Market Commentary 11th March 2019 from Charlie Hancock

Posted by melaniebond
Market Commentary 11th March 2019
Equity Indices
The FTSE 100 index was down by 0.42% across the week as equity markets around the globe fell. The index started the week on a positive note, rising by 0.8% between Monday and Wednesday, before falling on Thursday and Friday as a result of concerns around the Eurozone’s lagging economy and slowing growth in the US.

A weaker pound helped to boost large cap UK equities early in the week. Miners Rio Tinto and BHP, in addition to housebuilder Persimmon all reached their ex-dividend date on Thursday which affected the index, as companies typically see their share price adjust downwards once their shares trade ex-dividend.
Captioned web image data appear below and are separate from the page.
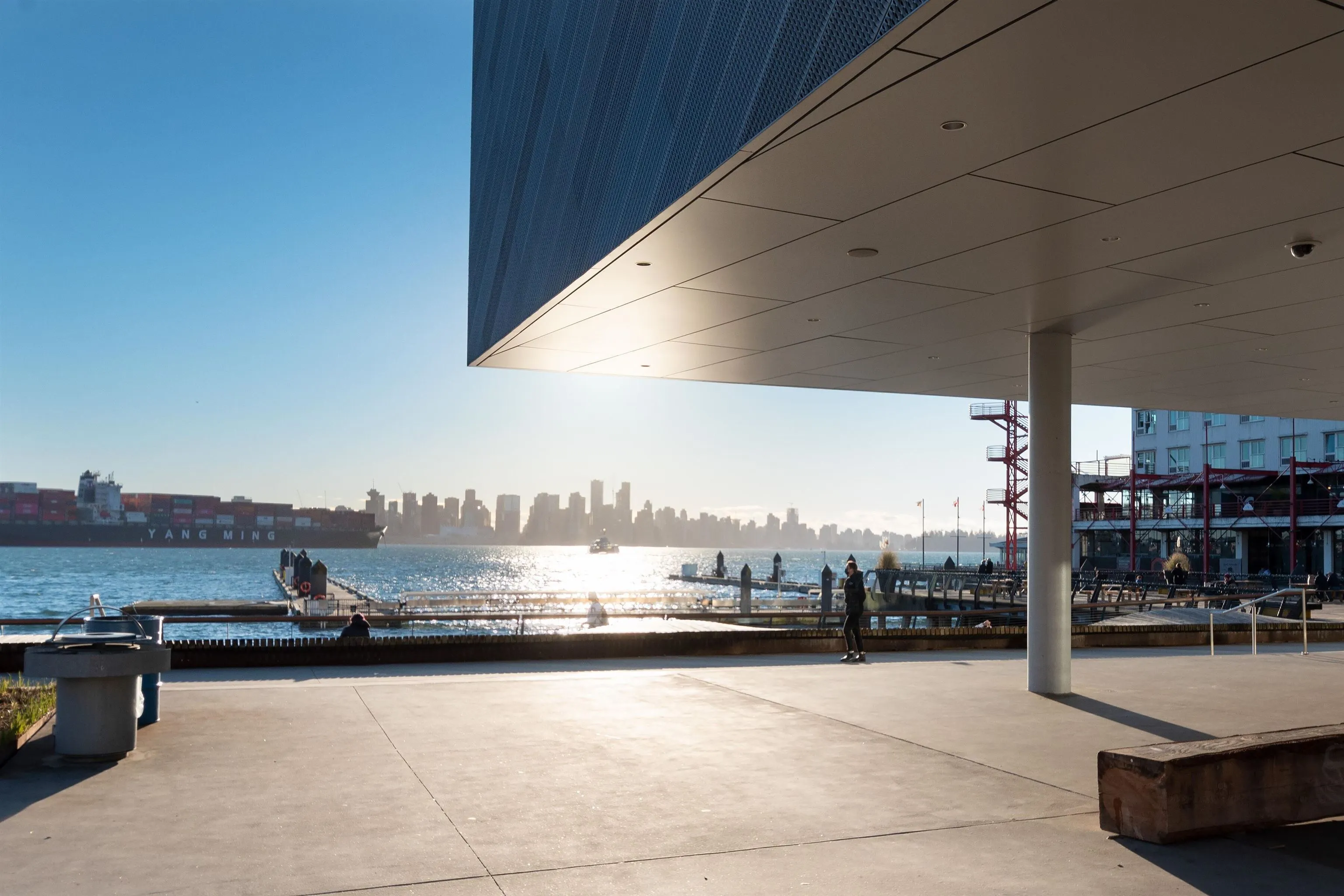 902 138 E Esplanade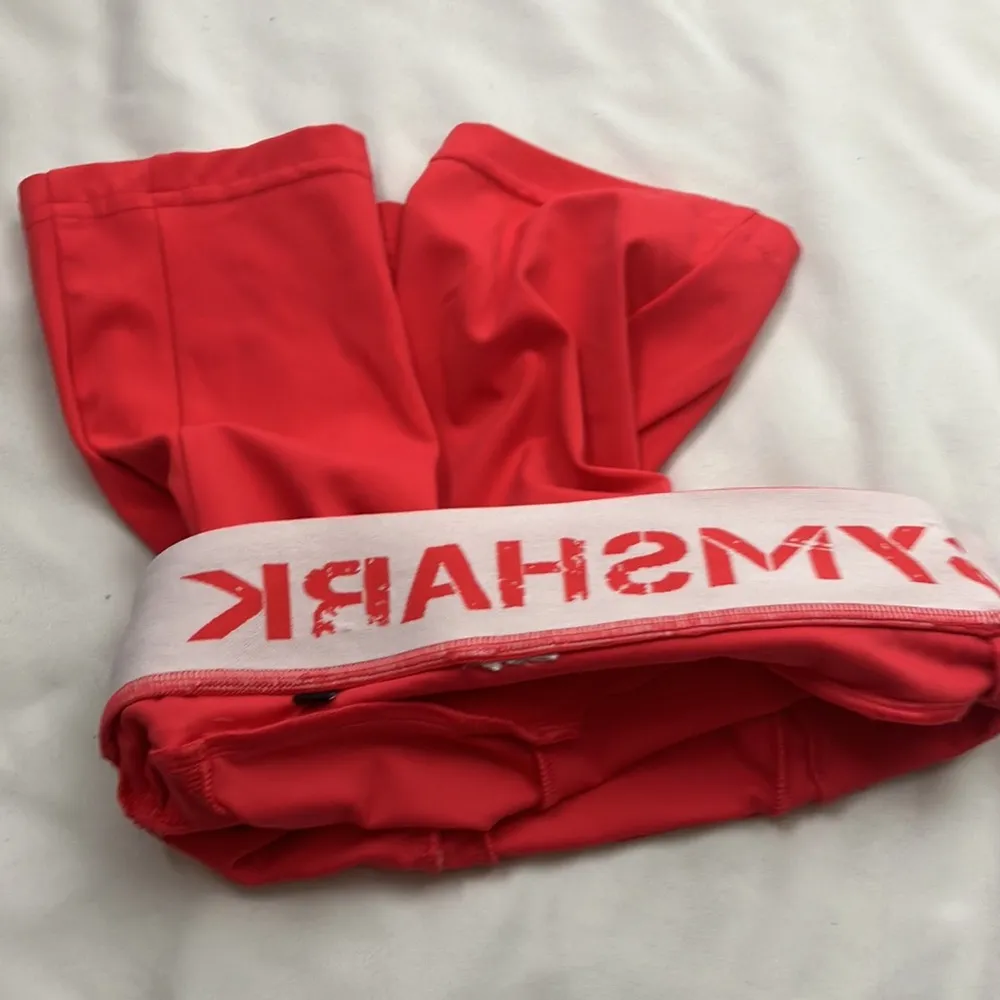 Gymshark electric hot pink biker shorts woman’s size small - Image 6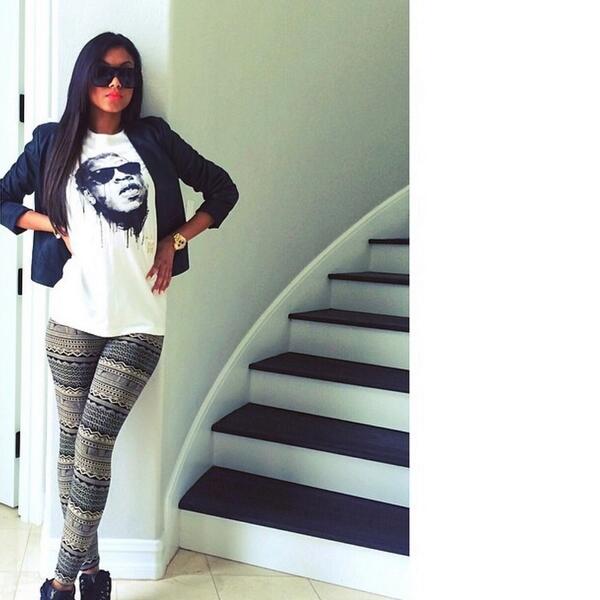 MadeManClothing's tweet photo. Shout out to @neekibaby in the #RealArtisticPeople x @Benlevy_art1 #JayZ tee Available Online: http://t.co/LNYCtzESJk http://t.co/qVUmaiKEW7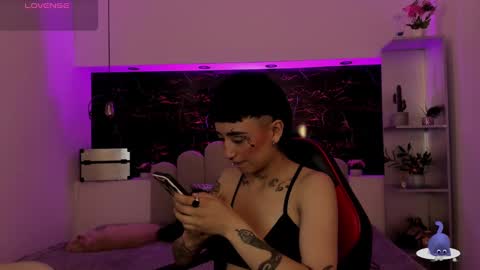            online show from February 12, 2025, 8:50 pm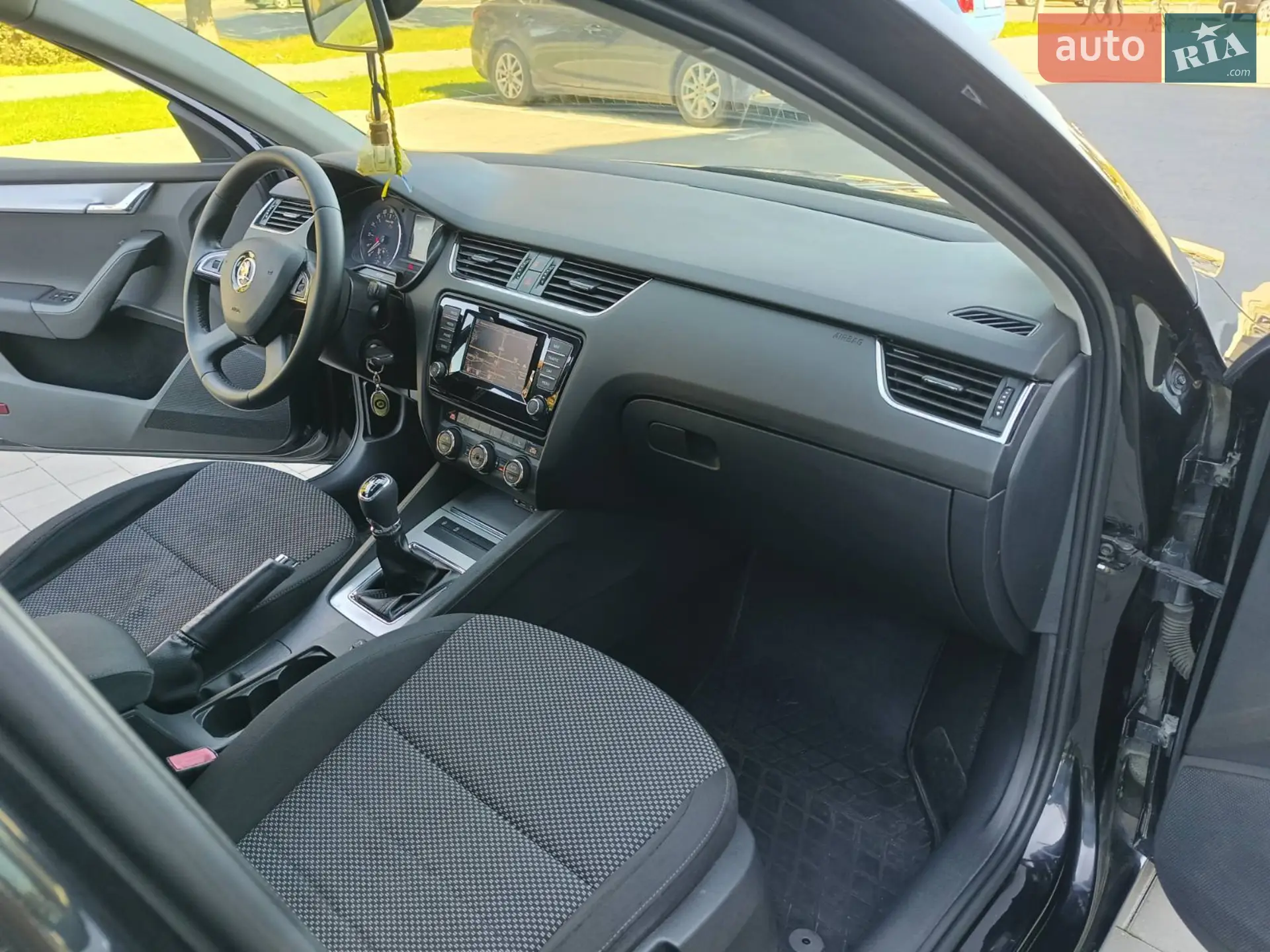 2014 Skoda Octavia - мініатюра 13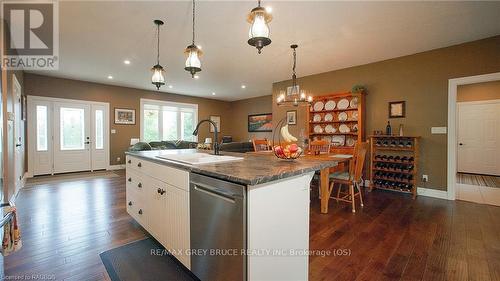 350297 Concession A, Meaford, ON - Indoor Photo Showing Kitchen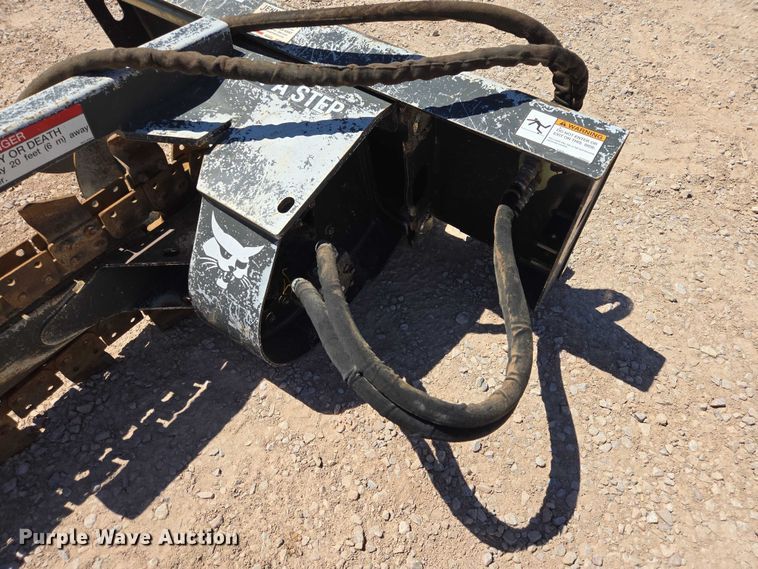 image for item ER1577 2015 Bobcat LT313 skid steer trencher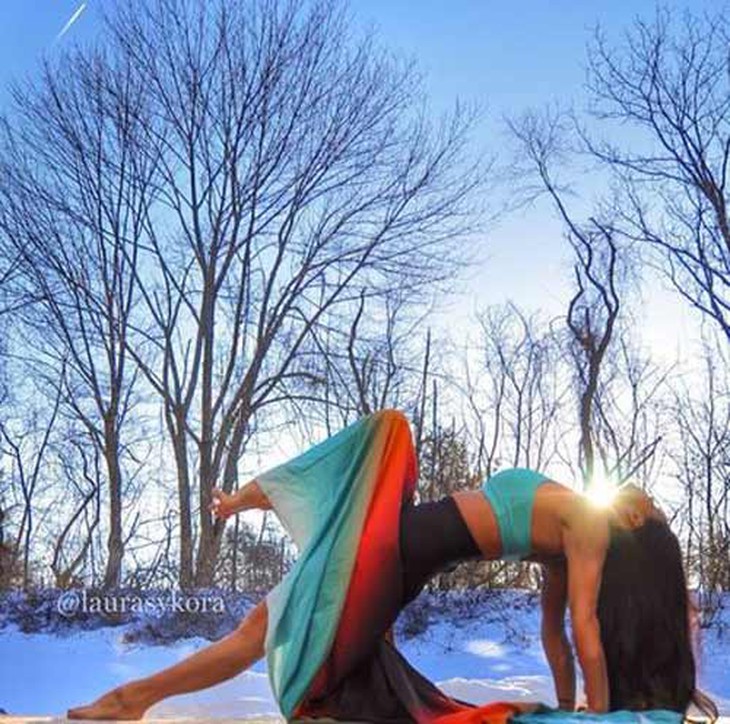 Mẹ 2 con dáng đẹp hơn mẫu nhờ yoga - 8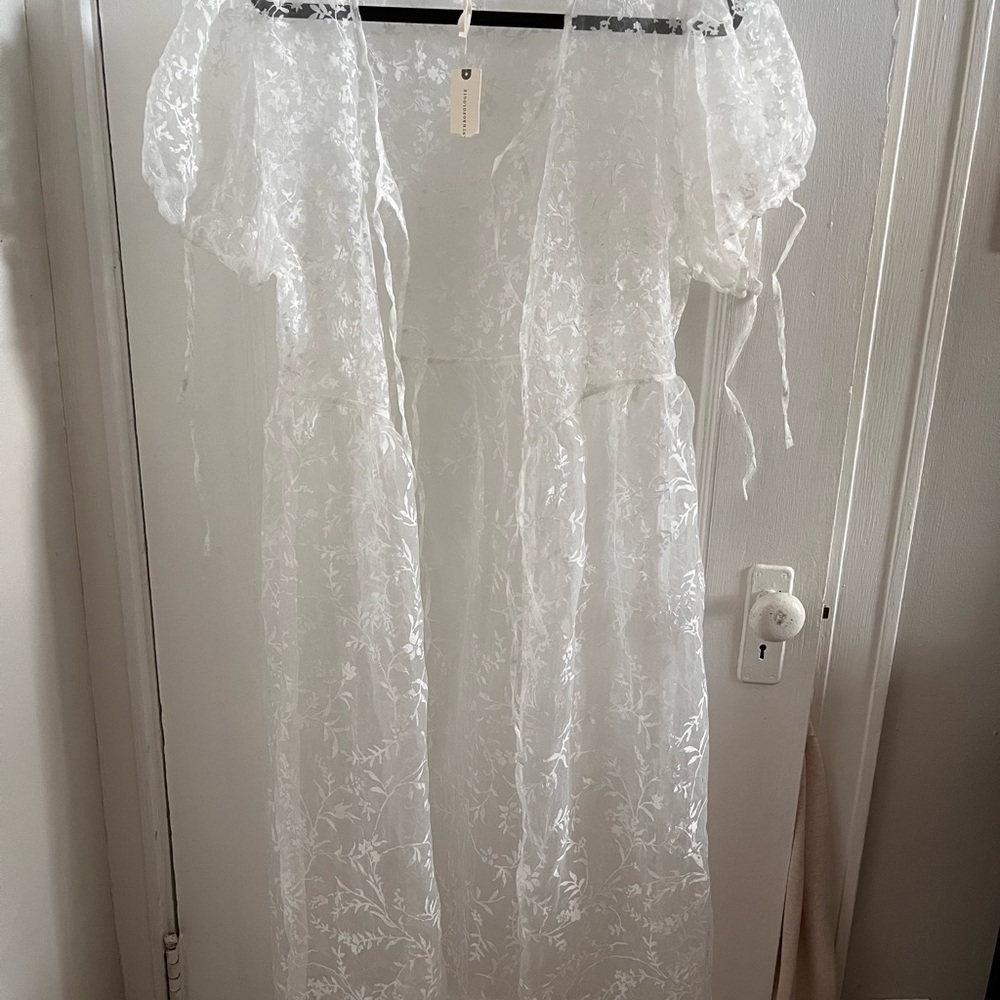 Festival wear—white fairy duster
The financial sector was also negatively impacted by insurance giants Aviva and Admiral reporting weaker than expected results.

European equity markets were broadly flat for the first half of the week, before sliding after investors reacted to actions from the European Central Bank (ECB), which were deemed to be a sign that the central bank are more concerned about growth in the Eurozone than previously thought. The FTSE All World Index – Europe ex UK was down by 1.9% across the week, whilst Germany’s DAX index was down by around 1.2%.

Weak data for German industrial orders led to weakness in the Auto sector, which dragged down the DAX index. Stocks in the banking sector across Europe were dragged down as investors reacted to the news that the ECB would not be likely to raise interest rates in the coming months. Conversely, stocks in the real estate sector rose on the expectation of borrowing costs remaining lower for longer.

The S&P 500 index posted daily losses, falling by around 1.8% across the week. Analysts commented that the early week performance was likely due to profit taking in the absence of a catalyst to drive markets in any direction. There was little update on the US-China trade negotiations, which is likely to have made some investors anxious. Poor sentiment on the health of the Eurozone economy resulted in falls on Thursday, whilst weaker than expected US employment data spooked investors on Friday.

The energy sector was the worst performing of the major sectors in the S&P 500 index, with falling oil prices adding to the negative sentiment experienced across the wider market. The healthcare sector also suffered after the commissioner of the Food & Drug Administration agency unexpectedly resigned, leading to uncertainty around the regulation of companies falling under the agency’s remit. The pharmaceutical giant Pfizer saw their share price decline by nearly 6% across the week.

The FTSE All World Index – Asia Pacific fell by around 2.2% across the week. Data showing that Chinese exports/imports contracted in February weighed on Asian markets, however, further fiscal stimulus measures announced in China helped to alleviate some of the negative sentiment. The Chinese government announced their GDP growth target for 2019 to be between 6% and 6.5%. Japan’s Nikkei 225 index declined by around 1.9% across the week after briefly reaching a three-month high.

Defence stocks in Asia performed strongly this week after investors took particular interest in this sector, following a report from a South Korean news agency and two US think tanks which suggested that North Korea has restored a missile launch site it had previously started to dismantle.

Bond Yields
10-Year Gilt yields were around 1.19% on Friday after a fall of around 6.3% from the levels seen at the beginning of the week. Falling global equity markets, together with a stronger pound, lead to increased purchasing of UK government debt this week, which pushed yields downwards.
10-Year German Bund yields were around 0.07% on Friday, hovering close to the 0% level. Having started the week at around 0.16%, the 10 year yield fell by around 54% after the ECB announced a new facility of low cost loans for European banks in an attempt to boost liquidity, as well as signalling there would be no interest rate rise until the end of 2019 at the earliest.
US 10-Year Treasury yields fell by around 3.3% across the week with yields sitting at around 2.63% on Friday. The fall in equity markets around the globe prompted an increase in the flow of capital to government debt. News that the US economy added just 20,000 jobs in February versus previous estimates of 180,000 also prompted investors to seek the perceived safe haven of US treasuries.
GBP / USD – Current 1.3015 Previous 1.3202

GBP / EUR – Current 1.1585 Previous 1.1618

After a strong start early in the week, the pound weakened by around 1.4% against the US dollar and 0.3% against the Euro, with the Eurozone’s currency struggling in its own right this week. Reports that there appears to be little progress between Theresa May and key figures in the European Union has heightened the uncertainty around Brexit, knocking confidence in the pound.

The gold spot price rose by 0.9% this week to reach $1,298 per ounce. The price of the precious metal had declined slightly before spiking on Friday, after it was reported that the US economy created significantly less than expected jobs last month.
The Brent crude oil price remained relatively stable this week, with prices still around the $66 per barrel mark. Whilst supply has been steadily controlled by key oil producing nations in recent months, the impact of softer economic data globally has kept the price below $70 per barrel so far during 2019.